Feb. 1 (Bloomberg) -- The euro-area inflation rate unexpectedly fell in January as high unemployment and austerity measures across the 17-nation currency bloc damped demand.
The annual inflation rate dropped to 2 percent from 2.2 percent a month earlier, the European Union’s statistics office in Luxembourg said today. Economists had forecast the rate to remain unchanged, according to the median of 39 estimates in a Bloomberg News survey.
The European Central Bank will leave its benchmark interest rate unchanged at 0.75 percent next week, economists forecast in a separate Bloomberg News survey. The central bank sees inflation at 1.6 percent this year and 1.4 percent in 2014. The euro-area jobless rate remained unchanged in December at 11.7 percent, a second EU report today showed.
“The data isn’t too surprising as the impact of sales in January on retail prices and oil price fluctuations are always difficult to predict,” said Dominique Barbet, senior economist at BNP Paribas in Paris. “Slowing inflation across the euro zone reflects a general slackening of activity with a marked deterioration in France as it joins the countries where deep budget cuts are weighing on growth.”
Energy prices increased 3.9 percent in January after a 5.2 percent gain a month earlier, today’s report showed. Prices of food, alcohol and tobacco rose 3.2 percent, the same as in December, while the cost of services rose 1.7 percent after a 1.8 percent gain.
The euro-area economy has shrunk for two successive quarters and economists foresee a further decline in gross domestic product in the final three months of last year. The ECB estimates contractions of 0.5 percent and 0.3 percent in 2012 and 2013. The ECB this week said lending to households and companies shrank for an eighth month in December.
Several countries this week reported inflation eased more than forecast during the first month of the year. The rate in Europe’s largest economy slowed to 1.9 percent from 2 percent in December, according to the German Federal Statistics Office, while it fell to the slowest pace since August in Spain.

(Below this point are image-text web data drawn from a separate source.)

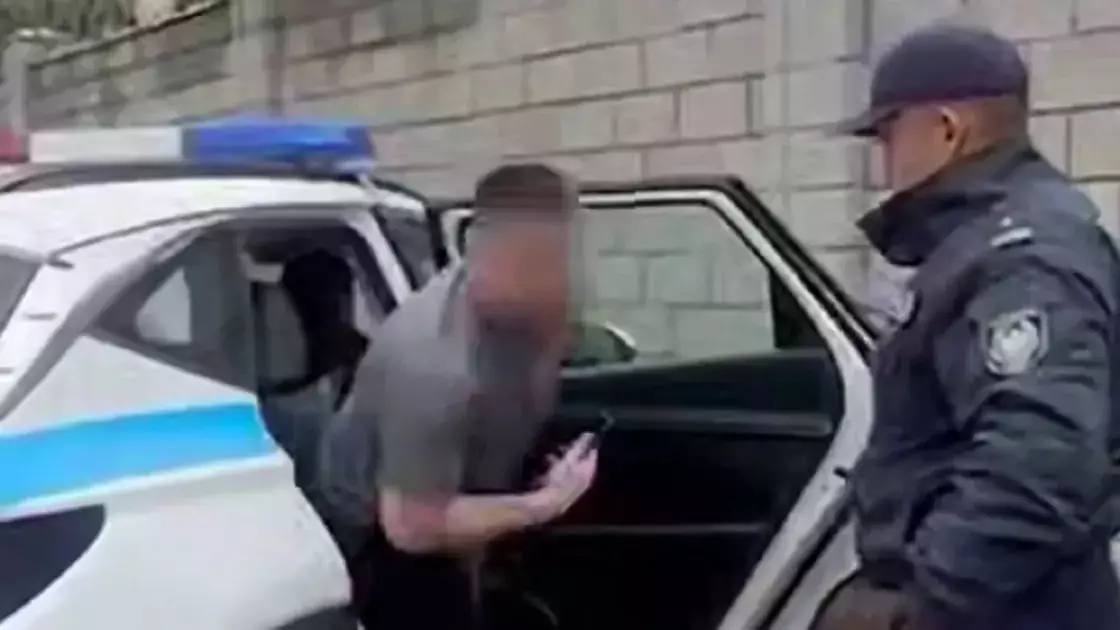 Посетителя Алматинского зоопарка наказали за выходку у вольера со львом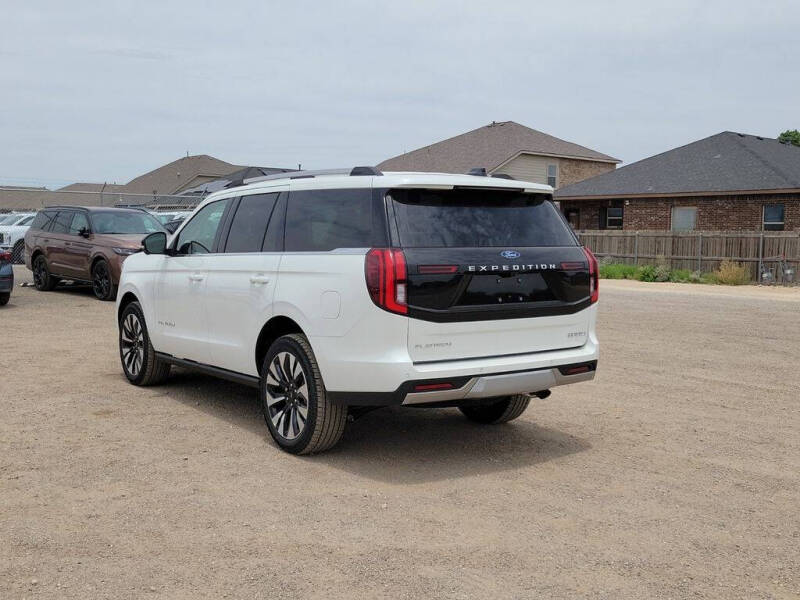2026 Ford Expedition Platinum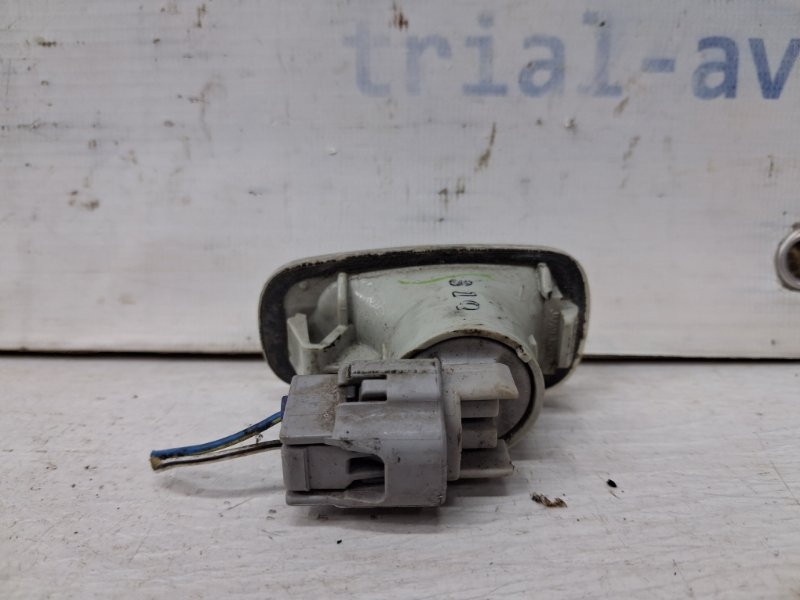 Повторитель поворотника Toyota Prado J120 4.0 1GR-FE 2002 (б/у) Київ - зображення 2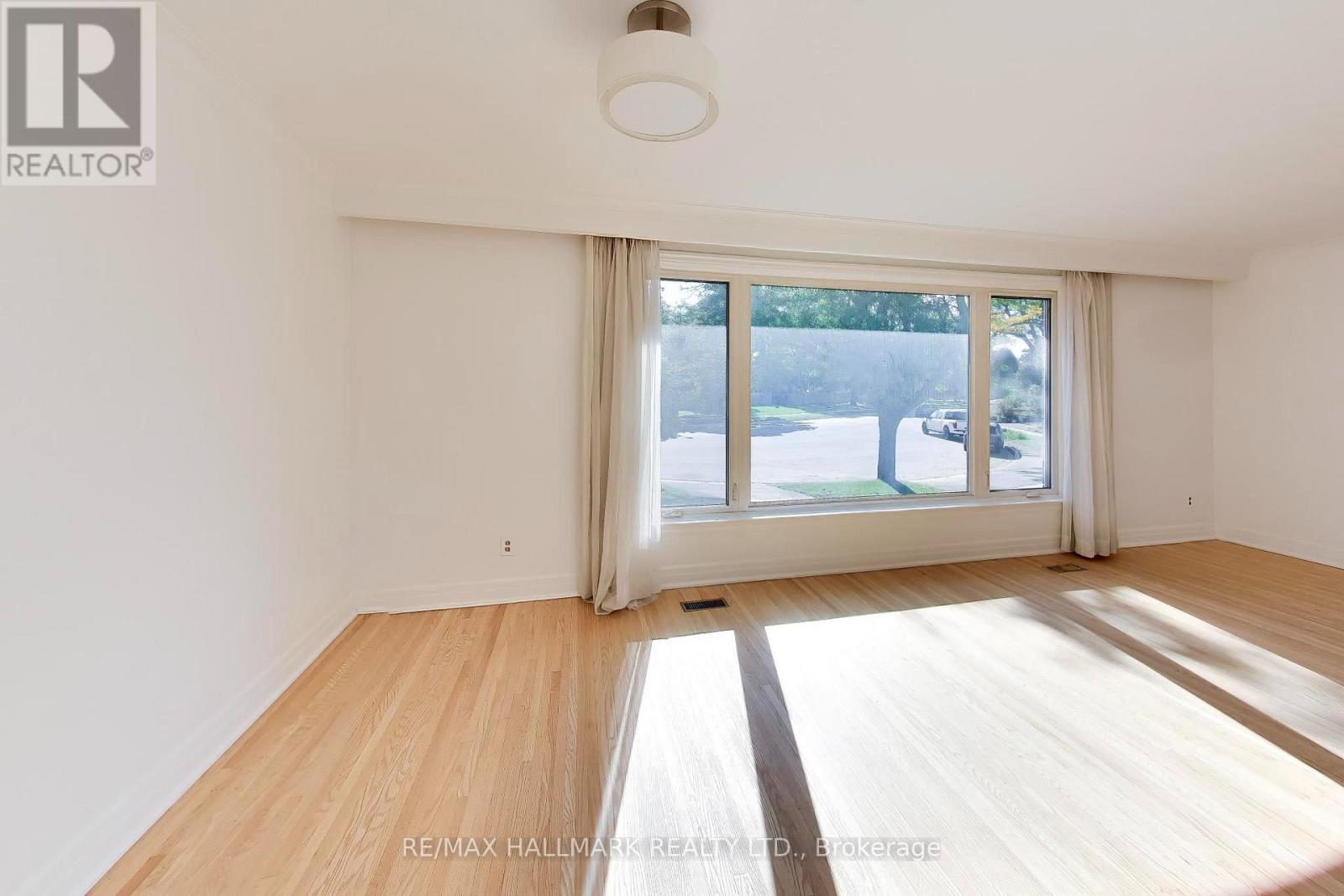 60 BRIDESBURG DRIVE - Image 9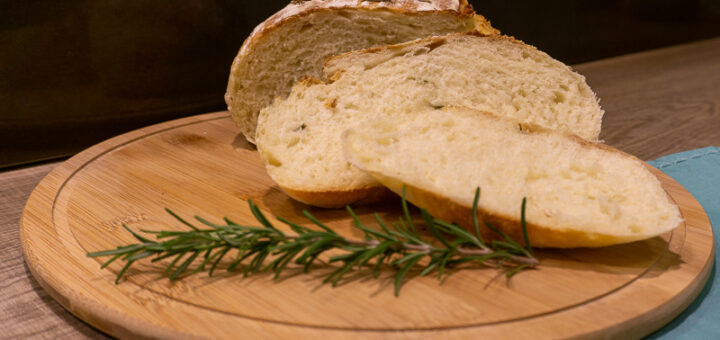 Pão Rústico de Alecrim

The euro-area unemployment rate held at 11.7 percent as the November rate was revised down to 11.7 percent from 11.8 percent reported earlier. Economists had forecast an increase to 11.9 percent, the median estimate in a Bloomberg News survey of 34 economists.

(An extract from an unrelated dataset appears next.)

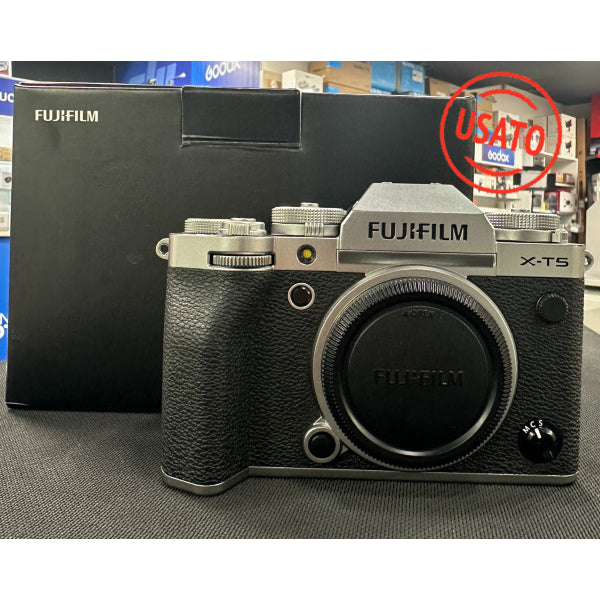Fujifilm X-T5 Silver (22.356 scatti) Usato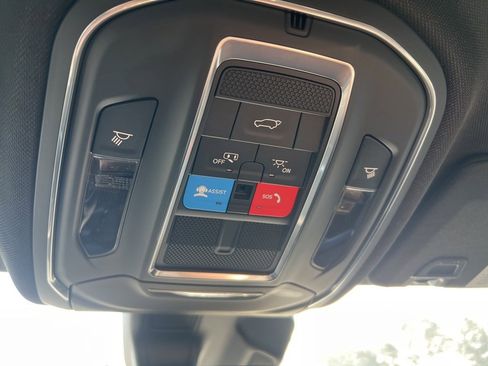 New 2026 Jeep Grand Cherokee Limited image 33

Today’s report showed that 18.7 million people were unemployed in the euro area in December, “nearly stable” from the previous month. The data also showed that youth unemployment is at 24 percent, with Spain’s rate more than double that, at 55.6 percent.

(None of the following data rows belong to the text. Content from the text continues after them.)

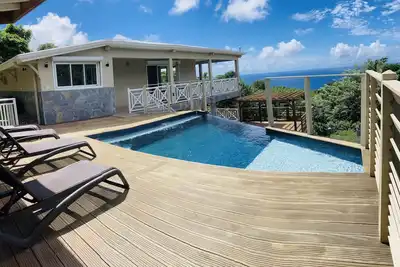 Image de Villa avec piscine à débordement vue mer aux Anses D'Arlet 4****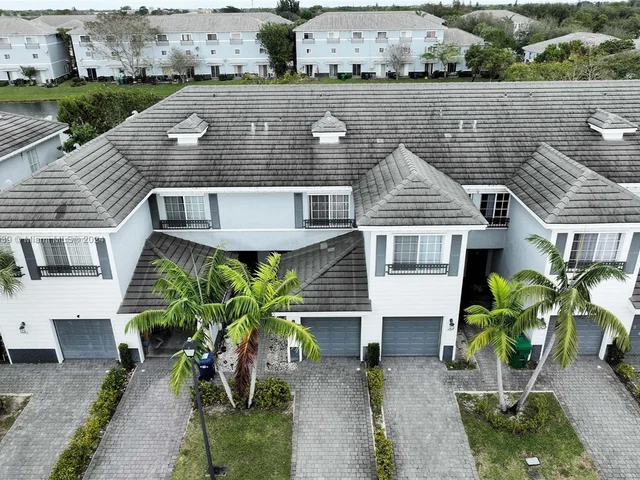 3427 NW 13th St # 3427, Lauderhill FL 33311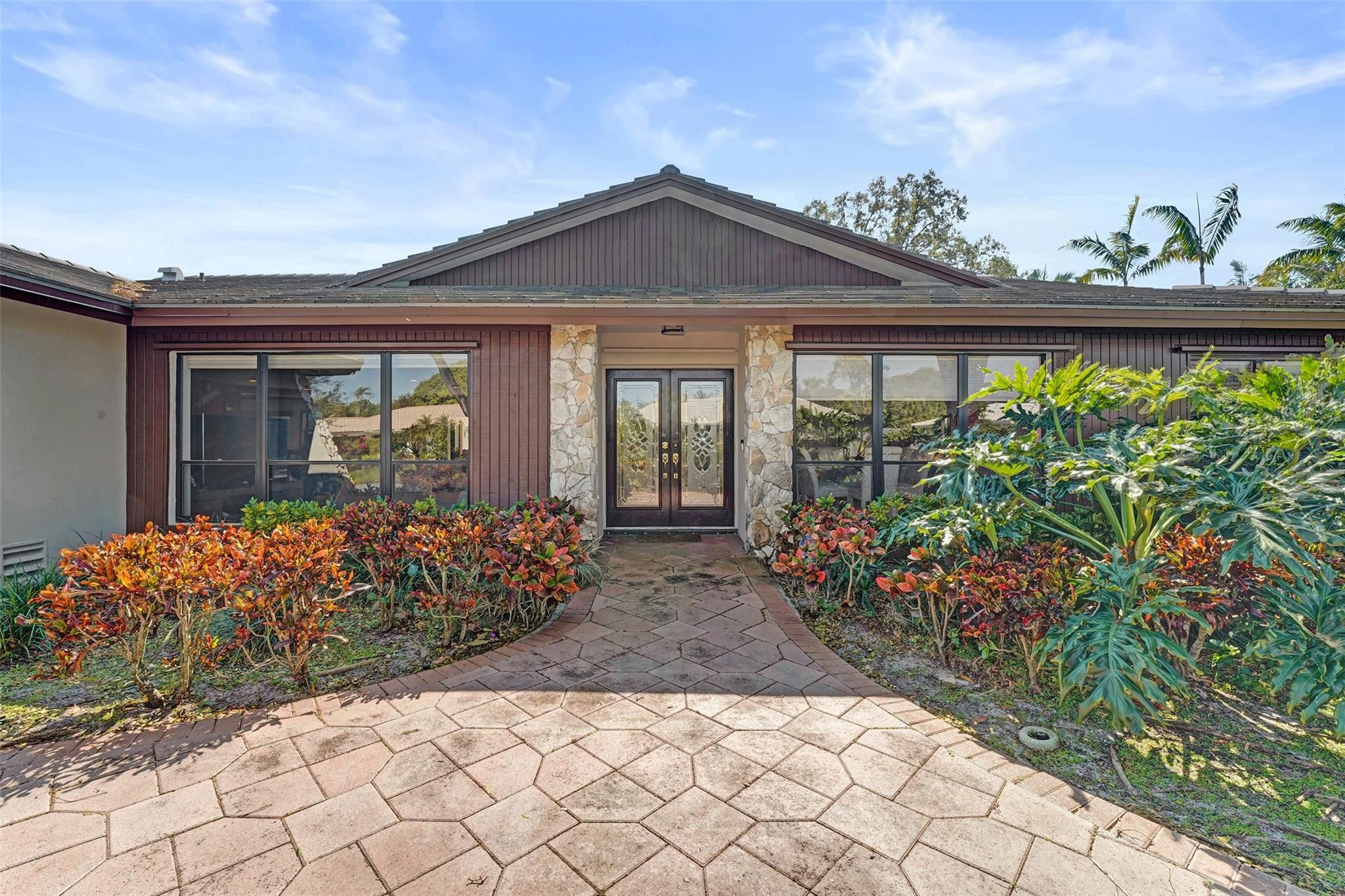 9600 Conch Shell Manor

At 26.1 percent, Spain also had the highest overall jobless rate in the currency bloc among those countries reporting December data. Portugal’s unemployment rate was at 16.5 percent, while Ireland reported a jobless rate of 14.7 percent. Germany’s jobless rate was 5.3 percent and France’s stood at 10.6 percent. Austria had the lowest rate at 4.3 percent.
“January’s fall in euro-zone inflation is good news for consumers, but with unemployment still at a record high in December, incomes and spending will remain under severe strain,” Ben May, a European economist at Capital Economics in London, wrote in an e-mailed note. “By the middle of the year, we expect the headline inflation rate to be well below the ECB’s inflation target.”